Write out exactly the lines running from the one with "WOWONA Treppenmatten Selbstklebend" to the end of the data, including both of those lines and excluding pictures.
[INPUT MATERIAL]
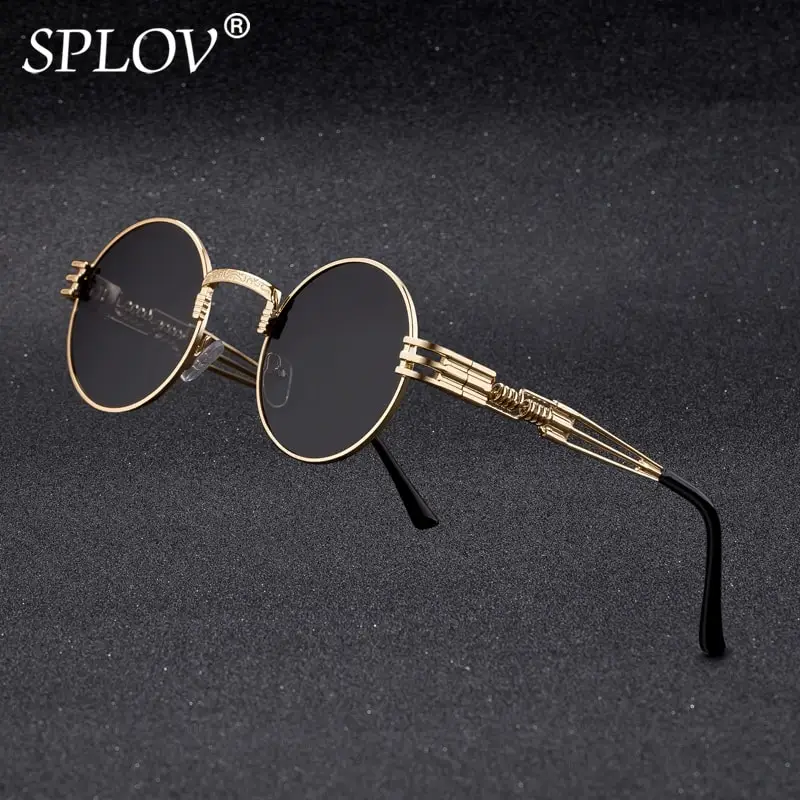 New Fashion Polarized Sunglasses for Men and Women Retro Steampunk Round Metal Frame Double Spring Leg Colorful Shades UV400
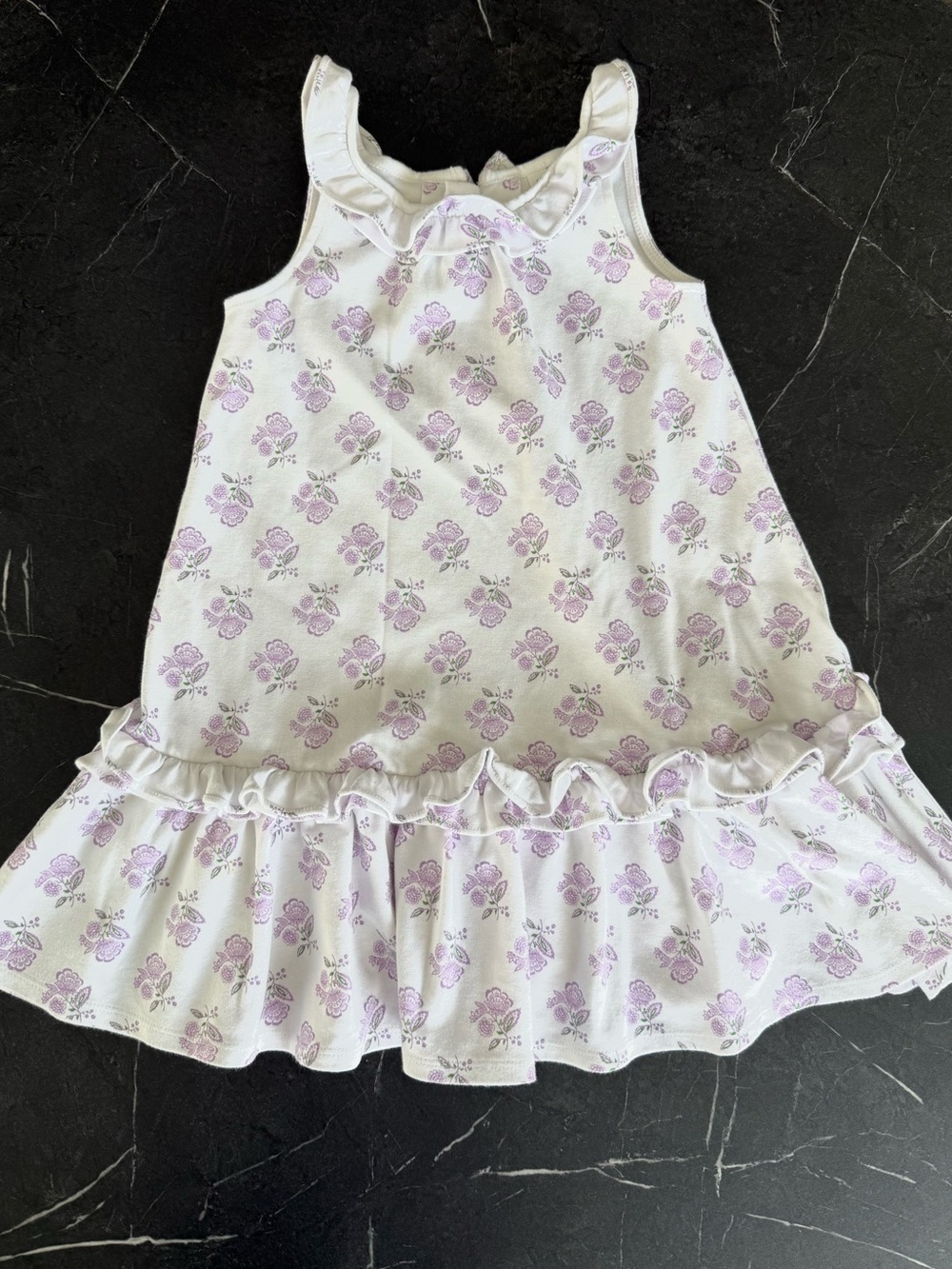 Janie and Jack White Dress with Lavender Floral Print and Green Accents
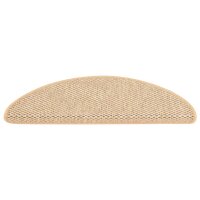 WOWONA Treppenmatten Selbstklebend Sisal 15 Stk. 65x25 cm Hellbeige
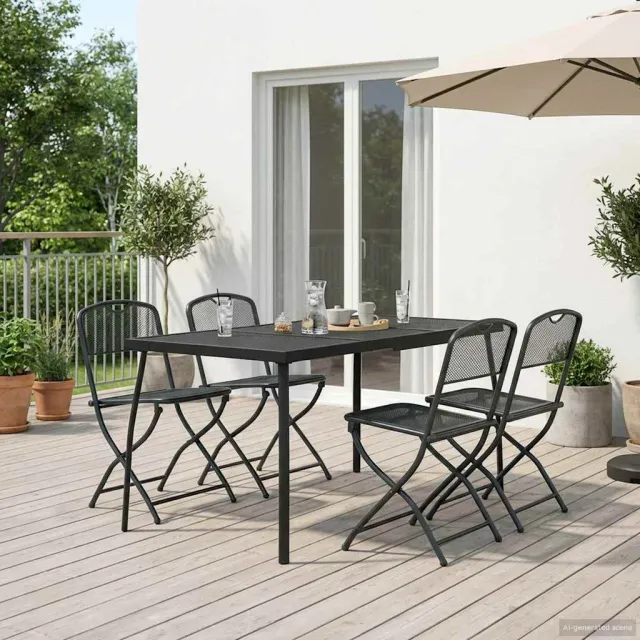 vidaXL Buitenmeubelset 5 st Antracietkleurig Ijzer en Staal, foto 2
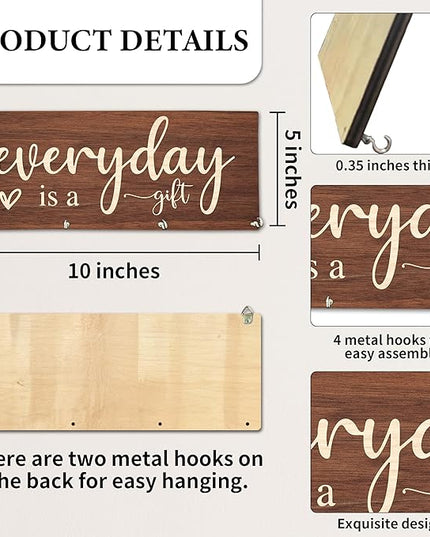 Yhtmbf Everyday is A Gift Wooden Key Holder for Wall - 5"x10" Key Organizer Hanger with 4 Hooks for Home Front Door Hallway Entryway Kitchen - Home Office Decor & Housewarming Gifts Supplies - A04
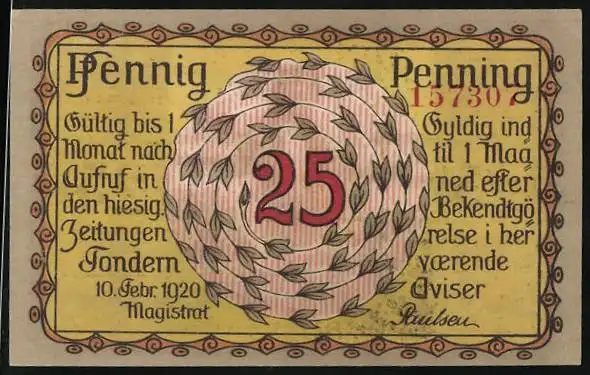 Notgeld Tondern 1920, 25 Pfennig, Guldhornet-Plebiscit Slesvig-Das Mädchen, das das goldene Horn findet
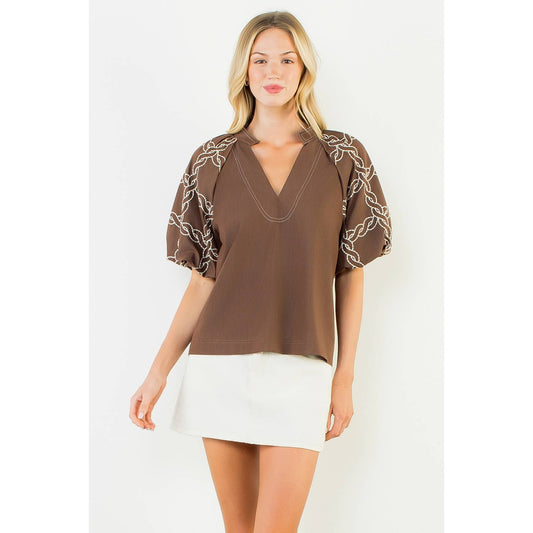 Emory Embroidered Sleeve ( Navy or Brown )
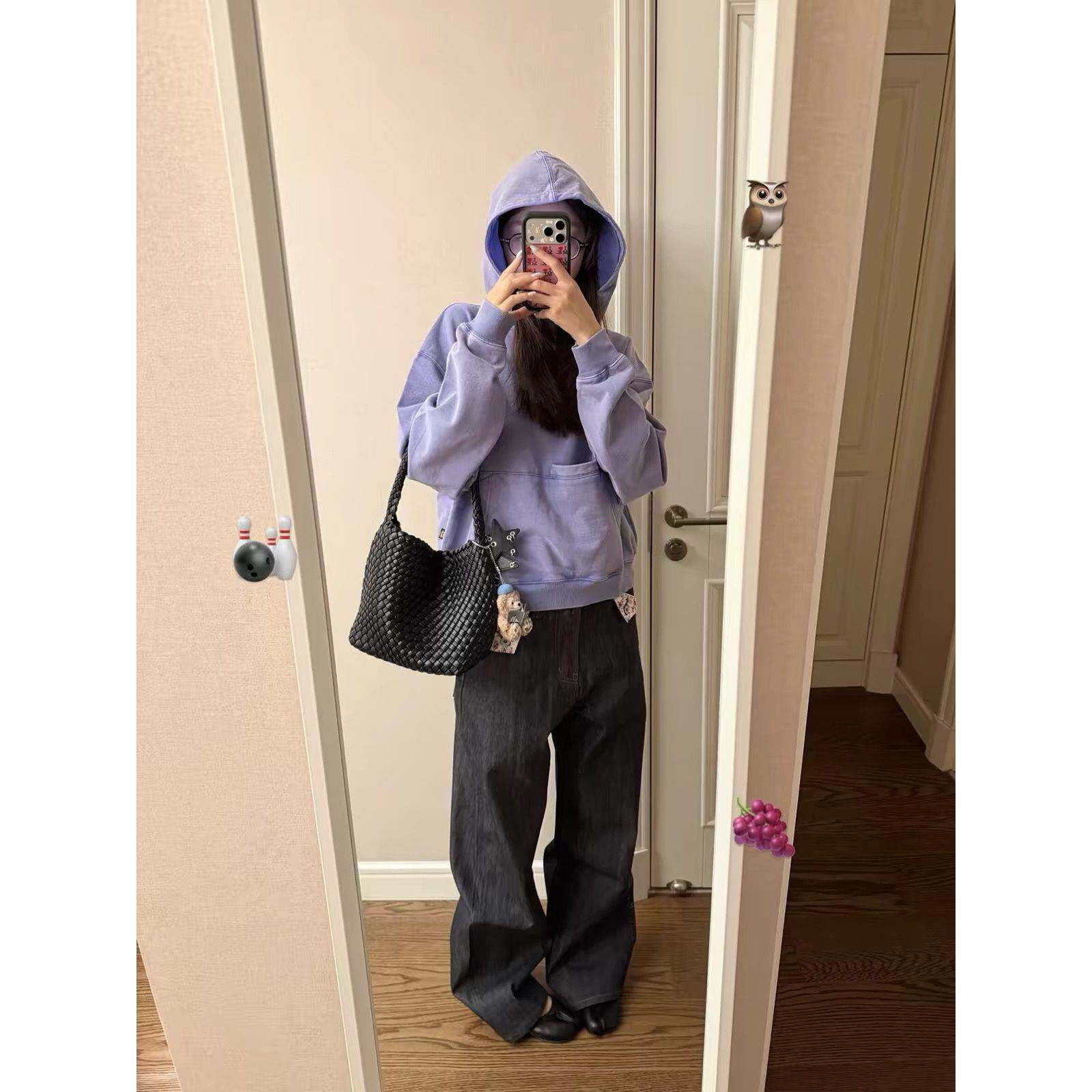 美式复古水洗做旧紫色连帽卫衣女春秋季宽松纯色套头休闲上衣外套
[/INPUT MATERIAL]
## SOLUTION:
 WOWONA Treppenmatten Selbstklebend Sisal 15 Stk. 65x25 cm Hellbeige
 vidaXL Buitenmeubelset 5 st Antracietkleurig Ijzer en Staal, foto 2
 Yhtmbf Everyday is A Gift Wooden Key Holder for Wall - 5"x10" Key Organizer Hanger with 4 Hooks for Home Front Door Hallway Entryway Kitchen - Home Office Decor & Housewarming Gifts Supplies - A04
 Notgeld Tondern 1920, 25 Pfennig, Guldhornet-Plebiscit Slesvig-Das Mädchen, das das goldene Horn findet
 Emory Embroidered Sleeve ( Navy or Brown )
 美式复古水洗做旧紫色连帽卫衣女春秋季宽松纯色套头休闲上衣外套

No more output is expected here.